What you are asked to do:
Copy the records below exactly, but leave out any picture they contain.

Brief descriptive captions
----

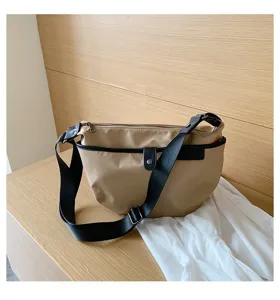 Detail view of stylish khaki nylon crossbody bag featuring black strap and minimalist design.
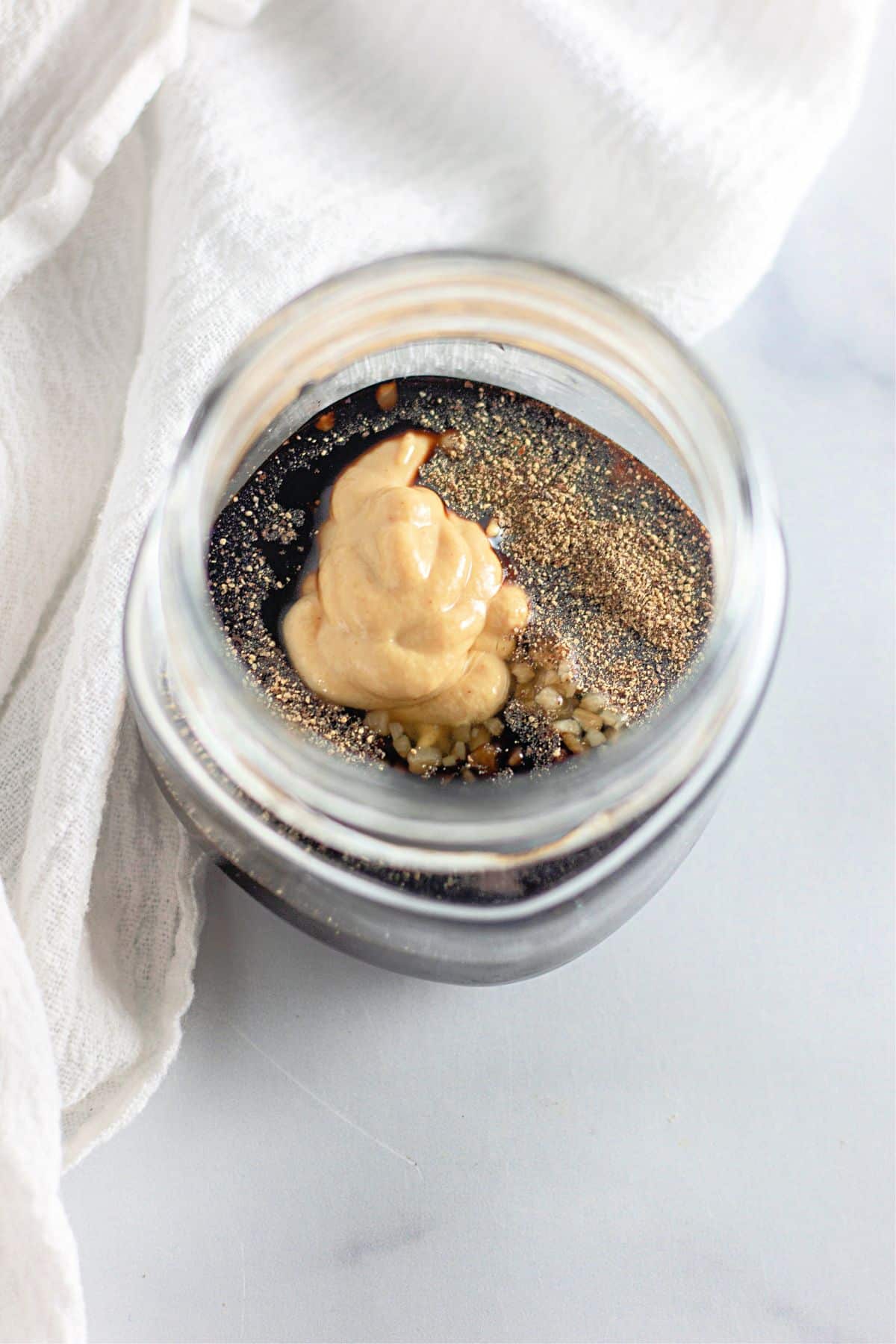 balsamic dressing being mixed in a small mason jar.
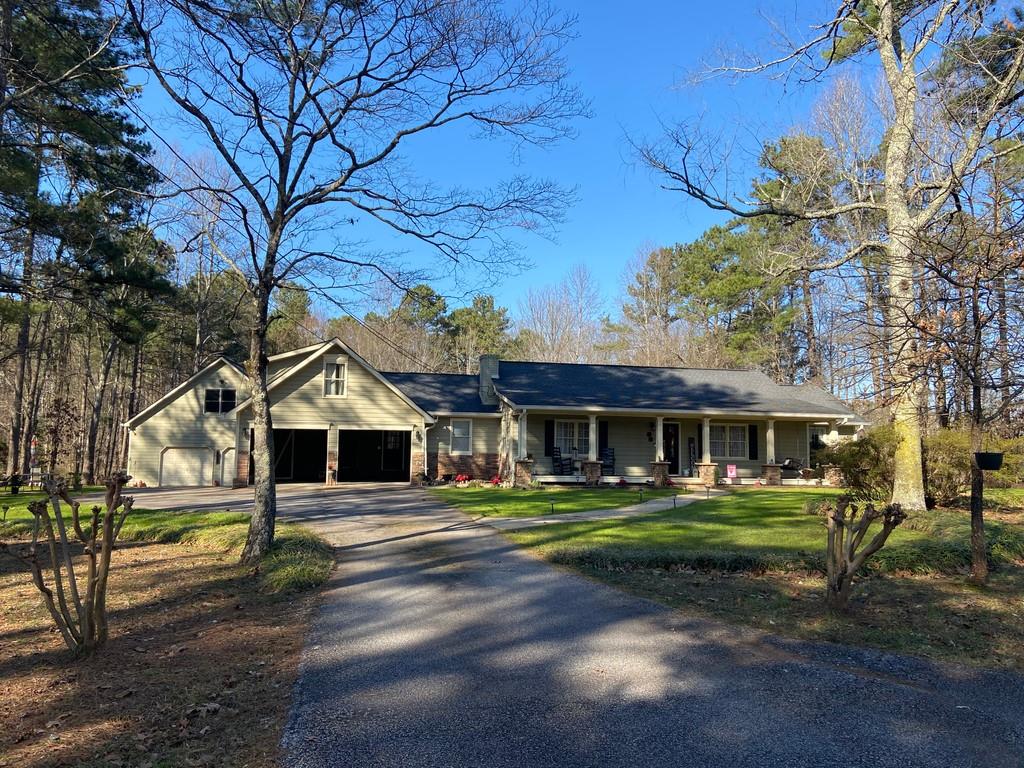 157 Old Griffin Road Dallas, GA 30157 - Photo 1 of 1 a front view of a building with a garden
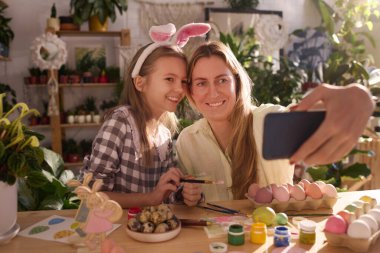 Paskalya için yumurta boyarken akıllı telefondan selfie çeken yaratıcı anne ve kızın orta boy portresi.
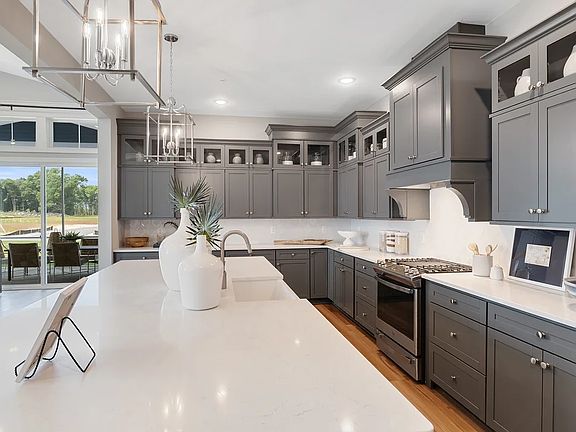 Kitchen with island, pendant lighting and glass-front upper cabinets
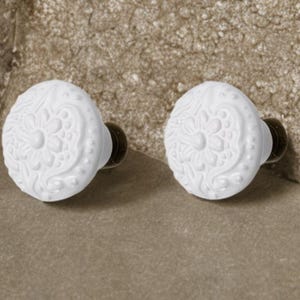Puede incluir: Dos pomos de armario de cerámica blanca con un diseño floral detallado. Los pomos tienen forma redondeada y están montados sobre herrajes metálicos oscuros. Los pomos están sobre un fondo neutro.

----

Response to the task:
 Detail view of stylish khaki nylon crossbody bag featuring black strap and minimalist design.
 balsamic dressing being mixed in a small mason jar.
 157 Old Griffin Road Dallas, GA 30157 - Photo 1 of 1 a front view of a building with a garden
 Paskalya için yumurta boyarken akıllı telefondan selfie çeken yaratıcı anne ve kızın orta boy portresi.
 Kitchen with island, pendant lighting and glass-front upper cabinets
Puede incluir: Dos pomos de armario de cerámica blanca con un diseño floral detallado. Los pomos tienen forma redondeada y están montados sobre herrajes metálicos oscuros. Los pomos están sobre un fondo neutro.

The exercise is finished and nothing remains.